Calling it a shameful Act, the US President described it as just the latest development in an alarming trend of human rights abuses and corruption in Uganda, instructing his National Security Council to evaluate the implications of the law.
That review will include all aspects of US engagement with Uganda, including its ability to safely deliver services under the US President’s Emergency Plan for Aids Relief (PEPFAR) Uganda’s eligibility to the AGOA, while further sanctions and visa restrictions would be considered against anyone involved in serious human rights abuses or corruption.
Biden calls for immediate repeal of Uganda’s anti-homosexuality act
This was the White House Press Secretary Karine Jean-Pierre in March when the US warned of repercussions were the law to see the light of day.
“The bill is one of the most extreme anti-LGBTQI+ laws in the world. Human rights are universal.

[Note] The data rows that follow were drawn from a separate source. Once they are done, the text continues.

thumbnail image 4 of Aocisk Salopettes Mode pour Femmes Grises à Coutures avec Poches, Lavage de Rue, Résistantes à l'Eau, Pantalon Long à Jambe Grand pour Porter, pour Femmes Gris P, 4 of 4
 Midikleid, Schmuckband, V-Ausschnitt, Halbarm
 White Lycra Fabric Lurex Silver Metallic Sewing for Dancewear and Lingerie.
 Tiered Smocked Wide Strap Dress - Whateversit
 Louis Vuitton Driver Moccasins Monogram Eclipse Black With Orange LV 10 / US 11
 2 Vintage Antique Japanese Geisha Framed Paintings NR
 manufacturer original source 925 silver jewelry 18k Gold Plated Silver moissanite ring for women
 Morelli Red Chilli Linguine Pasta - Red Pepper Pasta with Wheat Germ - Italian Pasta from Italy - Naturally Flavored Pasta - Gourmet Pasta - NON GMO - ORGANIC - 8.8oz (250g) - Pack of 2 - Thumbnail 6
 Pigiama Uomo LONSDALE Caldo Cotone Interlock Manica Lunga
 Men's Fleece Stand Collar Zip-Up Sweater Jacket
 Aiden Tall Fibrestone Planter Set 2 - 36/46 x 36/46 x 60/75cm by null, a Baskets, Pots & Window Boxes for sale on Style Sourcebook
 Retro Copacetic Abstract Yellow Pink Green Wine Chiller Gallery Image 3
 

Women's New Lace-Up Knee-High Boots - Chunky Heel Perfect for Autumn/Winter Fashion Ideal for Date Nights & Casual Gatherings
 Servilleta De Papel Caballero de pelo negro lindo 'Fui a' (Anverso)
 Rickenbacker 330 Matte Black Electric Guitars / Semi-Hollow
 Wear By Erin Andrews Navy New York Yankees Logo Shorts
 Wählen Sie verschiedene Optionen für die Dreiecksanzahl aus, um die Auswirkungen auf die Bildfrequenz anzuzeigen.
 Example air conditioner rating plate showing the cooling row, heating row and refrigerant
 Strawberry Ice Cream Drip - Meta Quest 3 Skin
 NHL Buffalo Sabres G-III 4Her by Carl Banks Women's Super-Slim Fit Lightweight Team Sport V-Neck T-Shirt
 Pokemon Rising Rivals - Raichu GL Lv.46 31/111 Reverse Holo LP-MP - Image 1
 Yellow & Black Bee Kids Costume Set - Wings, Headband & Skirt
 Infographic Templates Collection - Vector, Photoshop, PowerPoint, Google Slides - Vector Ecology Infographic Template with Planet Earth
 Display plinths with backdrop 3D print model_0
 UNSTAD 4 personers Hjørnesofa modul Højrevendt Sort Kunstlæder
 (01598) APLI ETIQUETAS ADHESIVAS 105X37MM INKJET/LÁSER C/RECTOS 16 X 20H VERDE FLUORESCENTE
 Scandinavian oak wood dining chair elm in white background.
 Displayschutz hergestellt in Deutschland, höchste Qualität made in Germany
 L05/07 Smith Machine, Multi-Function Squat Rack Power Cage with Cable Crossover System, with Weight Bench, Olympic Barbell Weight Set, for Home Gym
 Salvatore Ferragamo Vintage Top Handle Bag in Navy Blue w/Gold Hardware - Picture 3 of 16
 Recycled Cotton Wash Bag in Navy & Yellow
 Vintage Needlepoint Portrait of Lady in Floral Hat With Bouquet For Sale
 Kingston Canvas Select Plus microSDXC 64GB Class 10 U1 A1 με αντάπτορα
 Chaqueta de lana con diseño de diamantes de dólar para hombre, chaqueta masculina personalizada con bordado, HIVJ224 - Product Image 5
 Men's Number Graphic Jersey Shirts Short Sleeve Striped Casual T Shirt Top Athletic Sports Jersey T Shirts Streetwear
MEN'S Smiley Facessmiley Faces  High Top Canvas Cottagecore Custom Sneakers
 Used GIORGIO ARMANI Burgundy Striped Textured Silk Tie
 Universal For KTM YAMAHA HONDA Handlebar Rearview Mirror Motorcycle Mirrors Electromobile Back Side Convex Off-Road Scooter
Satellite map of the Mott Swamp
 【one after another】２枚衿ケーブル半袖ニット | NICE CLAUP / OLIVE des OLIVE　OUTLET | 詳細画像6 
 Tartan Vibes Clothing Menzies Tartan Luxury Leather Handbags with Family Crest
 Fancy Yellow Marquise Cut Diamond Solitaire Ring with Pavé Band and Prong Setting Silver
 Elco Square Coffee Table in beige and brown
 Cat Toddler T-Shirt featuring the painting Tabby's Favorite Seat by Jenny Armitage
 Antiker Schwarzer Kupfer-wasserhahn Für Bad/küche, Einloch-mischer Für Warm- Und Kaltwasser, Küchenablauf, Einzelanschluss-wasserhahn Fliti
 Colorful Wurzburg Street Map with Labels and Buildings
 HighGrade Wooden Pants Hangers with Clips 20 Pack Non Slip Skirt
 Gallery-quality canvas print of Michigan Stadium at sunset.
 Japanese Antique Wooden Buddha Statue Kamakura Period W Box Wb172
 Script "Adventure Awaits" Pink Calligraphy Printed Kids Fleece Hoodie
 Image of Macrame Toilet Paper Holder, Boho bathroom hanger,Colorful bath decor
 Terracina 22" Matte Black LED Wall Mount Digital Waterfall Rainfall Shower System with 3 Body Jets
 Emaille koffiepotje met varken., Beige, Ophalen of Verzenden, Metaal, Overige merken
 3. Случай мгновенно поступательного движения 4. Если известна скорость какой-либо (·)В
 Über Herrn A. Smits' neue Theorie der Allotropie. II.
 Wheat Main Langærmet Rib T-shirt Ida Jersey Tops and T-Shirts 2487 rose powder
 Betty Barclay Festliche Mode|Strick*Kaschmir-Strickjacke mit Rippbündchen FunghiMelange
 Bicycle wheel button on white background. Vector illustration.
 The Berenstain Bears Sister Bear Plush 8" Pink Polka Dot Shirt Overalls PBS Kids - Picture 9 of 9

No one should be attacked, imprisoned, or killed simply because of who they are or whom they love.” says Jean-Pierre.
Canada’s Prime Minister Justin Trudeau took to social media to strongly condemn the law calling it “appalling and abhorrent”.
The UK’s Minister of State for Africa Andrew Mitchell said the law was a setback in the fight against HIV/AIDS; the EU Foreign Policy Chief Josep Borrell Fontelles called the law deplorable and contrary to international human rights law while the UN’s Human Rights Office said it was appalled by the draconian and discriminatory bill, calling it a recipe for systematic violations of LGBTQI+ rights.
UN spokesperson Stephane Dujarric says, “A number of UN agencies, including the High Commissioner for Human Rights and UNAIDS, have said they were appalled by the draconian, discriminatory, anti-gay bill that is now passed into law in Uganda.”
The High Commissioner for Human Rights, Volker Türk, recently expressed his concern about worsening laws criminalising lesbian, gay, bisexual and transgender people around the world, including in Uganda. He said these laws violate human rights and they lead to violence and they drive people against one another.
A Joint statement from the Global Fund, UNAIDS and PEPFAR expressed deep concern about the harmful impact of the law on the health of Uganda’s citizens and its impact on the HIV/AIDS response that had been so successful to date – warning that the country’s progress on the HIV response was now in grave jeopardy as the legislation had already led to reduced access to prevention as well as treatment services… in part due to an erosion in trust, confidentiality and stigma-free engagement for anyone seeking HIV-related healthcare in Uganda.